Input below:
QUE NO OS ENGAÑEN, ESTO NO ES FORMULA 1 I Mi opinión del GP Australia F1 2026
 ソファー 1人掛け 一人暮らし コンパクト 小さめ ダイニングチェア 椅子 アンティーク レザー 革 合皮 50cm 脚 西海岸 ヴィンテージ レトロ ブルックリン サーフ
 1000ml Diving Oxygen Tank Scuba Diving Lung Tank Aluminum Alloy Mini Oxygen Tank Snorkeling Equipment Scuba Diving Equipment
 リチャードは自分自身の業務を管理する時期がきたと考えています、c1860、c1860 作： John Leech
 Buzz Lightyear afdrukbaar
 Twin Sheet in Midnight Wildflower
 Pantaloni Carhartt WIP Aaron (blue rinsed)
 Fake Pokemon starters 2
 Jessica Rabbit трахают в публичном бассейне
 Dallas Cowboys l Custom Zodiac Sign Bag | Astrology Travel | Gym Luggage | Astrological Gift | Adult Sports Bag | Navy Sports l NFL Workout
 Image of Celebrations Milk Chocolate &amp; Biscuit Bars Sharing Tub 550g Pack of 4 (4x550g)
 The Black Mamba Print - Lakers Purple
End of Input.
> [Task to complete]: Each entry must be printed again exactly as given.

> [Exercise response]:
QUE NO OS ENGAÑEN, ESTO NO ES FORMULA 1 I Mi opinión del GP Australia F1 2026
 ソファー 1人掛け 一人暮らし コンパクト 小さめ ダイニングチェア 椅子 アンティーク レザー 革 合皮 50cm 脚 西海岸 ヴィンテージ レトロ ブルックリン サーフ
 1000ml Diving Oxygen Tank Scuba Diving Lung Tank Aluminum Alloy Mini Oxygen Tank Snorkeling Equipment Scuba Diving Equipment
 リチャードは自分自身の業務を管理する時期がきたと考えています、c1860、c1860 作： John Leech
 Buzz Lightyear afdrukbaar
 Twin Sheet in Midnight Wildflower
 Pantaloni Carhartt WIP Aaron (blue rinsed)
 Fake Pokemon starters 2
 Jessica Rabbit трахают в публичном бассейне
 Dallas Cowboys l Custom Zodiac Sign Bag | Astrology Travel | Gym Luggage | Astrological Gift | Adult Sports Bag | Navy Sports l NFL Workout
 Image of Celebrations Milk Chocolate &amp; Biscuit Bars Sharing Tub 550g Pack of 4 (4x550g)
 The Black Mamba Print - Lakers Purple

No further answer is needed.